Publishers Weekly called The Confession neo-noir, meaning like noir? near noir? or new noir? A noir defined in the world post the collapse of Enron and bilked pensioner and alleged atrocities by our soldiers in Iraq. Woody Haut posits there’s a neon noir (Neon Noir: Contemporary American Crime Fiction). That is crime fiction from the mid-1960s to the 1990s, and places the genre (his word) in a political perspective.

Luc Sante said that "Noir isn’t crime so much as it’s existentialist dilemma." Which suggests that you can have all sorts of noir across genres. There is western noir as embodied by the "Badlanders," a spurs and saddles version of the earlier urban film the "Asphalt Jungle," based on W.R. Burnett’s heist novel of the same name.

There’s also been science fiction noir. "Blade Runner," based on Philip K. Dick’s novel Do Androids Dream of Electric Sheep, is sweating paranoid circuitry beeping noir. The main character, Deckard, a kind of detective-assassin, is not only tormented by his work of hunting down and eliminating replicants, but comes to suspect he is also an artificial construct. Thus a riff on the noir trope wherein the main character discovers after getting beat, kicked and shot, he’s the killer, and he’s been chasing himself.
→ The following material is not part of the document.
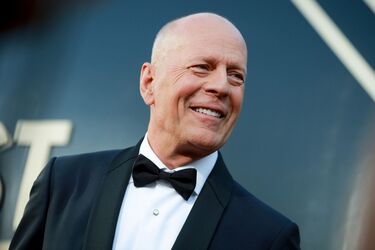 Брюса Уиллиса, больного афазией, увидели за обедом и на прогулке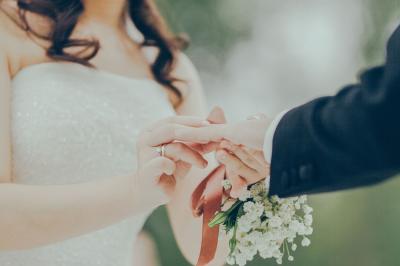 Miniature Event&co Art'gency #9 Un couple marche dans un champ au coucher du soleil, la femme portant une robe blanche et tenant légèrement son ourlet.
In the recently released Four Kinds of Rain by Robert Ward, the main character is another head shrinker in need of his own head getting shrunk, Bob Wells, psychologist. He’s after, and haunted by, the ceremonial mask of Utu. And films like "Wonderland," about the doomed life of porn star John Holmes, and "Brick" -- Hammett meets "Dawson’s Creek" – confirm that noir, whatever it is, is nowhere near finished.